1. In the signing of the NCA, there are some ethnic armed groups who refused to be part of the NCA including the National Socialist Council of Nagaland-Khaplang (NSCN-K). The Chin National Front (CNF) was very much part of the NCA.
2. According to my observation, there are already high expectations on NLD by some ethnic political organizations and ethnic groups, and the civil society who are part of Nationwide Ceasefire Agreement (NCA). Suu Kyi herself has shown interest to towards a ceasefire.  They have been holding a series of consultations, building strategies, and lots of preparations are going on both inside and outside Myanmar. 
3. Among the discussions was the return of Myanmarese refugees from India. However, there are financial constraints to be considered. Many have expressed a willingness to return to Myanmar as they view the NLD and the new government as the light at the end of the tunnel.
4. The ethnic issue will be a challenge but many are of the opinion that Suu Kyi and the NLD are a better option. 
5. On the economic front, land is a major factor. The NLD will welcome foreign investors as well as FDI. Agriculture will also be a priority.
6. India has an opportunity to cooperate with Myanmar. However, a reality check shows it is unwilling. In 1947 and 1948, when both countries gained independence from Britain, for a couple of decades, Myanmar and India had economic integration. However, since the start of military rule, ground realities have changed, especially with the beginning of infiltration by China. It is not impossible for India to cooperate with the NLD government. However New Delhi’s policy towards Naypyidaw has to be altered. India therefore needs to learn from the Chinese but not follow them.

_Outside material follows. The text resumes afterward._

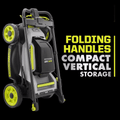 40V HP Brushless 20 In. Cordless Electric Battery Walk behind Self-Propelled Mower with 6.0 Ah Battery and Charger - YardForce Supply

7. In order to understand integration, it is important to understand the mindset and the psyche of the people of Myanmar. 
8. From a cultural point of view, China appears to understand Myanmar better. This is especially true when it comes to Chinese products being more suitable for them. Therefore, India will have to alter the products to suit the people of Myanmar in an effort to improve trade. In border areas, the Chinese have more articles of trade compared to India.
9. Traders too are uneasy as there are a number of restrictions on trade, and as a result, business cannot flourish.
10. The Asian highway provides a set of challenges such as connectivity, especially between Imphal, Moreh and Mandalay. There are a number of checkpoints that are troublesome and inconvenient as well and there are also problems relating to insurgency. The fencing along Manipur’s border with Myanmar will be a problem for India, as it will divide villages and would also mean loss of land for India.
11. There are a number of areas where India could be of assistance to Myanmar. They include infrastructure development, especially with India's smart cities project; Holenphai could become part of the smart city project, and could become a business hub. Healthcare and education could be major aspects where New Delhi could provide services. These are important factors in integration, and exploration in these areas has begun.
12. On bilateral politics, engagement with Suu Kyi is important despite her emotional statements towards India. Indian leaders have to be practical as well as show initiative.

SECURITY & STRATEGIC PERSPECTIVES, OPPORTUNITIES FOR THE REGION, INDIA & MYANMAR
Lt. Gen. AS Lamba
President, IPCS, and former Vice Chief of Army Staff, India

1. Any change in Myanmar will affect the surrounding region, especially ASEAN, and Myanmar, in turn, will be influenced by ASEAN’s policy.
2. The ASEAN's philosophy of comprehensive security irrespective of the various ‘triangles’ is important. Therefore, any Indian policy towards Myanmar has to be accommodated by the ASEAN. Care has to be taken that no country antagonises the other. Therefore, one could look at China more vis-à-vis cooperation rather than as a threat, and limit the competitive rhetoric towards it.
3. In the comprehensive security arrangement, Myanmar will engage with individual members from ASEAN as well as the plus series which extends to the US, China, India, Australia and others. Therefore, complexities within the ASEAN will be a challenge to India.
4. The ASEAN is not yet on Suu Kyi’s side. She is still not integrated with them and this might require some personal initiative.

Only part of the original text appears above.